Eamon de Valera in Los Angeles in 1919

Eamon de Valera in Los Angeles in 1919

Eamon de Valera in Los Angeles in 1919

The recent RTE drama Rebellion featured a scene in which Eamon de Valera and other 1916 Volunteers are about to be shot by firing squad. At the very last minute, a British army officer tells them that their sentence has been commuted to life imprisonment.

The future Taoiseach and President is so relieved that he immediately doubles over and vomits - much to the disgust of his fellow revolutionaries.

As de Valera's grandson Eamon O Cuiv has complained, it did not happen quite like that. Even so, this reprieve was an absolutely critical moment in the political history of Ireland.

Dev and the other 1916 survivors went on to fundamentally shape the party system we have today - one still largely intact even despite last month's seismic general election.

The Rising featured many people who would become seminal names in Irish politics. The most glamorous was Michael Collins, revered today as Fine Gael's spiritual leader, even though he died before it was founded.

W.T. Cosgrave and Desmond FitzGerald served as President of the Executive Council and Foreign Minister in the first Free State government - and both had sons who ended up in the Taoiseach's office.

On the Fianna Fail side future President Sean T O'Kelly and future Taoiseach Sean Lemass fought together in the GPO, while Lemass's son-in-law Charles Haughey also made it to the top. As for Labour, they could boast that James Connolly founded their party in 1912.

It all started, however, with de Valera. The only 1916 commandant to escape execution (for reasons that historians still dispute) suddenly enjoyed an iconic status within Irish republicanism.


The Sinn Fein founder Arthur Griffith, who had not fought in the Rising, recognised this and handed the leadership over to him at the party's 1917 Ard Fheis.

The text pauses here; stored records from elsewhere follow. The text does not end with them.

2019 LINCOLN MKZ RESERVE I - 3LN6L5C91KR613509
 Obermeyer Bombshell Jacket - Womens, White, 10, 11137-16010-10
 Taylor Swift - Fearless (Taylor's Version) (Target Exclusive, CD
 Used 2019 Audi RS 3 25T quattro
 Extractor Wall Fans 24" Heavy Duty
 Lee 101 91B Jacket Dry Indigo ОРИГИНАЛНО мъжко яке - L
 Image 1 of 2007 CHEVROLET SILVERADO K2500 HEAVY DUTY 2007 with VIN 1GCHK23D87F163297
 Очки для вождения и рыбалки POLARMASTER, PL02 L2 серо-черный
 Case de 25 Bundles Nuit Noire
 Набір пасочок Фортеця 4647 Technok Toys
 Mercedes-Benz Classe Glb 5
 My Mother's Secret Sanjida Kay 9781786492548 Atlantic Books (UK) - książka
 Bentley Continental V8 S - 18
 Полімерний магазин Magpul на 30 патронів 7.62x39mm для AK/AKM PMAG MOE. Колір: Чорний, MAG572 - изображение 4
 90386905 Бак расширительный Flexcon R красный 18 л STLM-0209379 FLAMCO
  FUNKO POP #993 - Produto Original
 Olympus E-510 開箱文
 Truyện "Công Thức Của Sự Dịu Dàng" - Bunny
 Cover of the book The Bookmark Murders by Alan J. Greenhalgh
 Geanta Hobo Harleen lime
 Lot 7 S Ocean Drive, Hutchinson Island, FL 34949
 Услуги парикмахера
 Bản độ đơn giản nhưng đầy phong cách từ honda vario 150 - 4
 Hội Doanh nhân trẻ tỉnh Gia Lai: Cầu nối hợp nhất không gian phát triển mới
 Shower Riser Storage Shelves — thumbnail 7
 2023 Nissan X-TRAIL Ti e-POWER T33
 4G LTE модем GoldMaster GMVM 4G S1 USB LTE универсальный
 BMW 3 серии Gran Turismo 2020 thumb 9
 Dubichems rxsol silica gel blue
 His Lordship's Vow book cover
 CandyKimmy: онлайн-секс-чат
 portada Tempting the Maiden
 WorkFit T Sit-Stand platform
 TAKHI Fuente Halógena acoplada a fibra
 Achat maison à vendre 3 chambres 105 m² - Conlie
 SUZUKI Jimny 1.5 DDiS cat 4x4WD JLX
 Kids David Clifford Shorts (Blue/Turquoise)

When a general election came around in 1918, Dev made a critical move. He persuaded Labour that freedom had to be achieved before socialism, which meant standing aside and giving Sinn Fein a clear shot at the Home Rule Party.

Dev's troops duly won the election, giving conservative nationalists a big head-start over left-wing nationalists - one that they are still clinging onto almost a century later.

To put it another way, Patrick Pearse's Gaelic vision had won out over James Connolly's social radicalism.

This is still the main reason why Ireland, unlike every other country in Europe, has never had an openly left-wing government.

When asked about this, de Valera famously declared, "Labour must wait" - and last month's election drubbing will force them to wait for at least a bit longer.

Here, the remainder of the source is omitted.